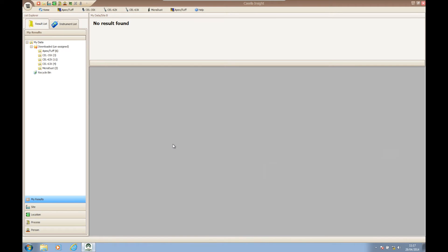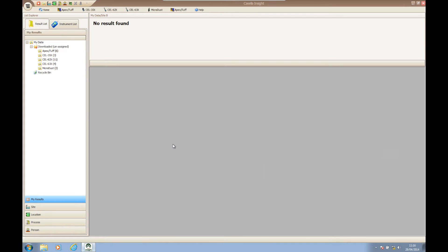Hello and welcome to a Casella Insight how-to video brought to you by the Casella product support team. In today's video we're going to be showing you how to create a tree structure within the results list. This will allow you to manage and assign the data that you download into Casella Insight.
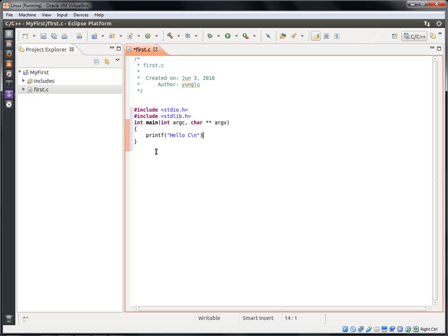The main function has a statement using printf to print a message Hello C. The ending slash n means adding a new line after the message. Please remember to add a semicolon after the statement.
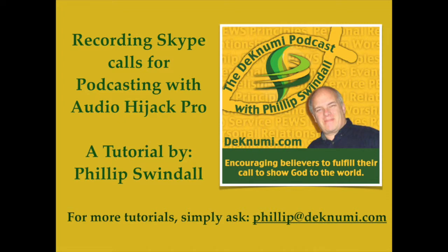Good day, this is Phil Swindle with DeckNewMe.com and I'm going to teach you today how to record Skype calls for podcasting purposes using a piece of software called Audio Hijack Pro.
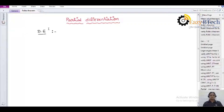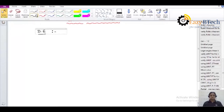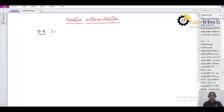Hi students, welcome to Easy B Tech channel. Please like, share, and subscribe to our Easy B Tech channel. Today my topic is about partial differentiation.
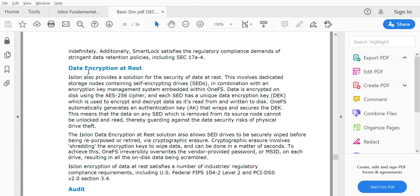This feature is available in Isilon as well. To achieve this, Isilon uses SED drives - Self-Encrypting Drives - which can encrypt and decrypt themselves with the usage of OneFS.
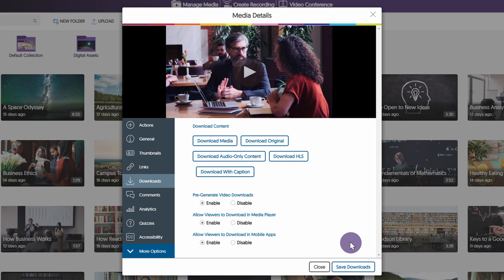Allow Viewers to Download in Mobile Apps gives viewers an option to download the media while using the Yuja mobile app.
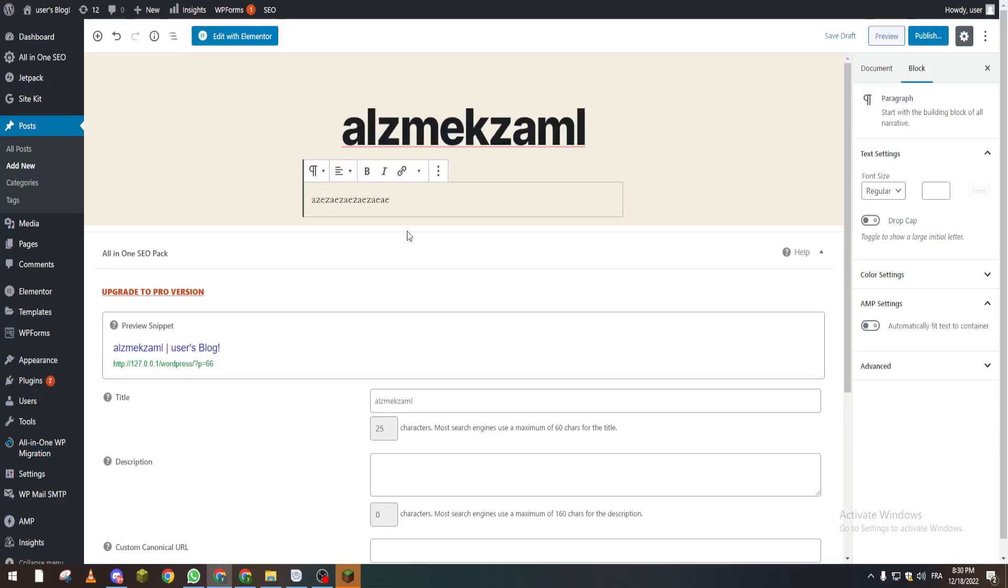And now there is the step of making a draft. So how can we actually make a draft? By clicking on Save Draft.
+===+
▸ Task
From the records above, copy exactly the lines starting at the one with "Good day, this" and ending at the one with "This feature is", and no others. Pictures stay out.

▸ Solution for this problem
Good day, this is Phil Swindle with DeckNewMe.com and I'm going to teach you today how to record Skype calls for podcasting purposes using a piece of software called Audio Hijack Pro.
Hi students, welcome to Easy B Tech channel. Please like, share, and subscribe to our Easy B Tech channel. Today my topic is about partial differentiation.
This feature is available in Isilon as well. To achieve this, Isilon uses SED drives - Self-Encrypting Drives - which can encrypt and decrypt themselves with the usage of OneFS.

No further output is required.